= John H. Oswald =

Scottish marine and landscape artist

John Hony Oswald (1829-1899) was a 19th-century Scottish marine and landscape artist. He is frequently confused with John Hervey Oswald (1843–1895) who was also an artist.

At baptism he was named John Oswald (However, subsequently he used the middle name "Hony" which was mistakenly intended to honour his paternal grandmother Elisabeth Hoy). Various transcription errors of handwritten scripts have led to him being recorded as John Henry or John Hervey.

==Life==
He was born in Limerick in Ireland in early 1829 (The Baptismal Record of the Presbyterian Congregation of Limerick). His father was a Scottish coachman presumably working in the Limerick area at the time.

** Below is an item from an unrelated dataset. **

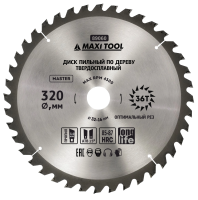 Диск пильный 320х36Тх32мм 89060 по дереву, 85-87HRC адаптеры 16/20/22/25/30 (20шт/кор)MaxiTool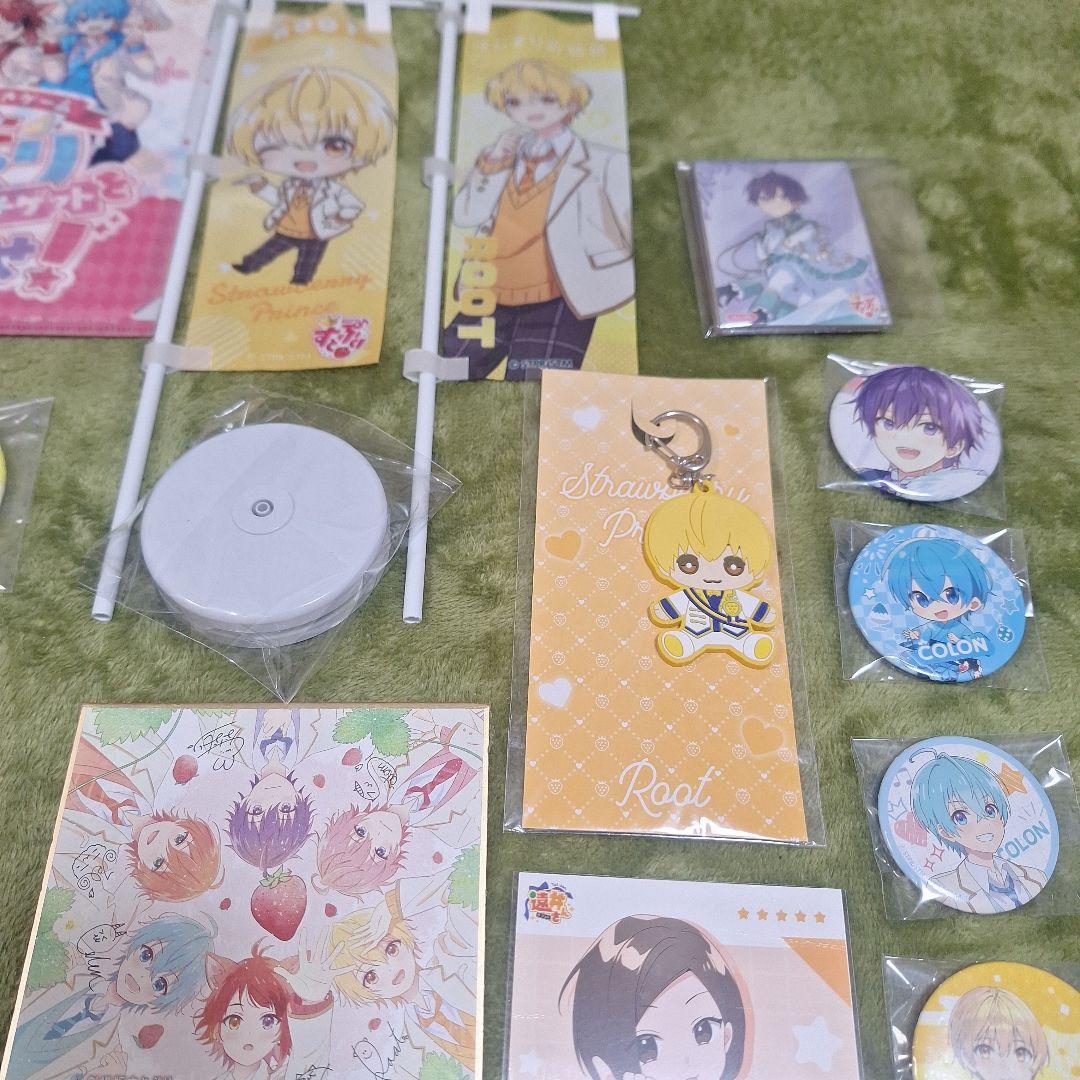 すとぷりグッズセット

His parents returned to Edinburgh in Scotland in 1831. His early employment was as a coach painter (Scottish Census Records). He travelled around Europe in the late 1840s. His father is thought to be the Rev John Oswald who was a teacher at George Heriot's School in Edinburgh from around 1832.

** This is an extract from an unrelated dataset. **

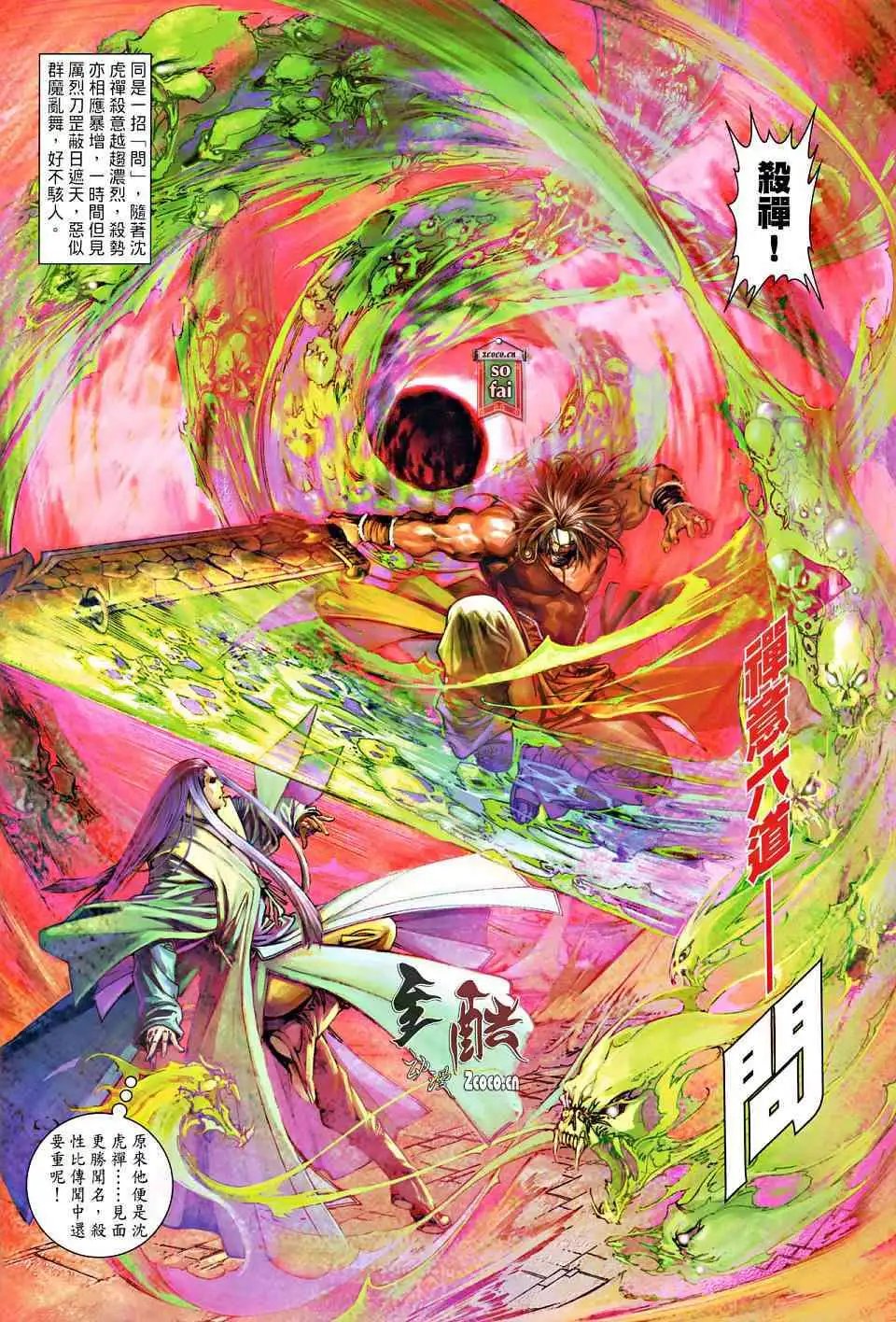 第014卷奇剑斗奇功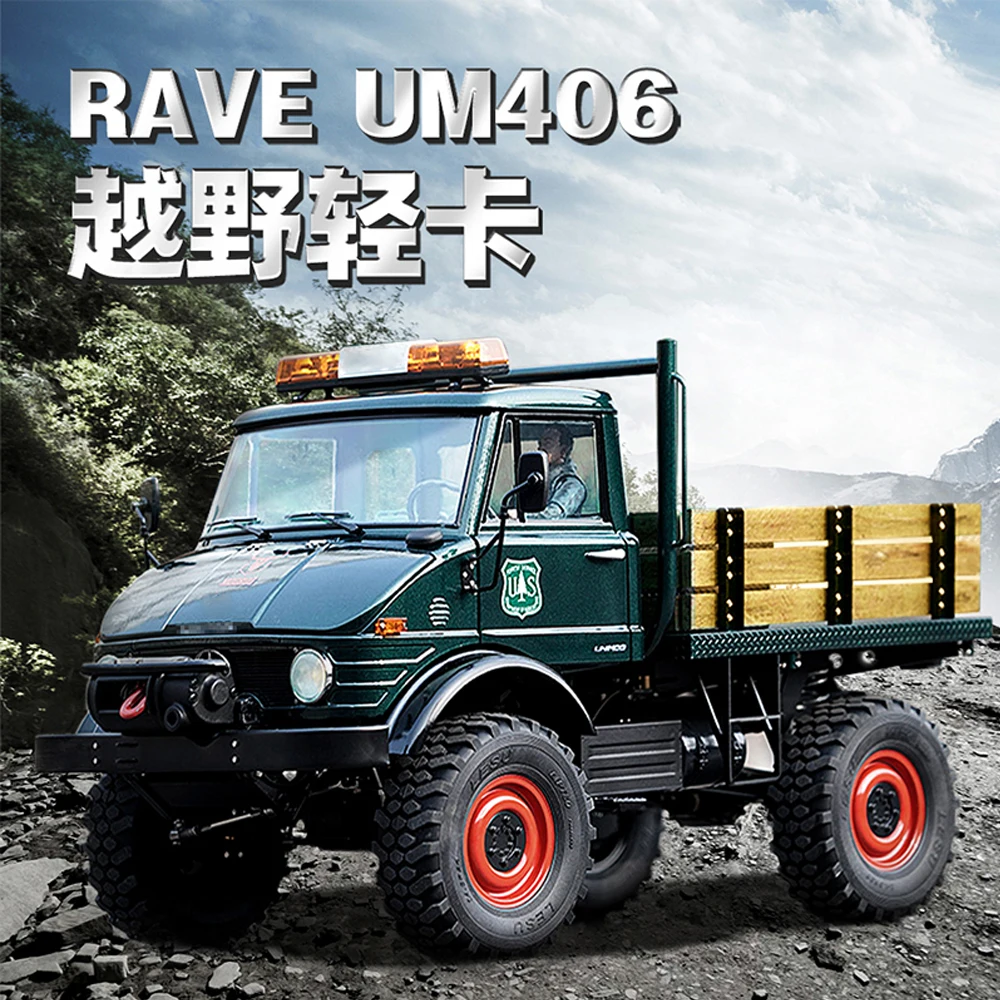 LESU1/10 all-metal toy model RAVE-UM406 simulated light truck with door-opening shell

He lived for many years at 28 London Street, a large Georgian townhouse in Edinburgh's Second New Town. His brother's niece was his housekeeper (Mary Oswald, also an artist).

He is buried in Warriston Cemetery.

==Works==
He exhibited paintings at the Royal Scottish Academy, the Glasgow Institute, the Royal Academy, the Royal Hibernian Academy, the Royal Society of Oil Painters and other venues.

- Edinburgh from Burntisland

==Family==
He was the uncle of John Hoy Oswald who was born in Edinburgh in 1875 He is presumed the father of John Henry Oswald born in Edinburgh around 1885 who emigrated to New South Wales and fought in the First World War.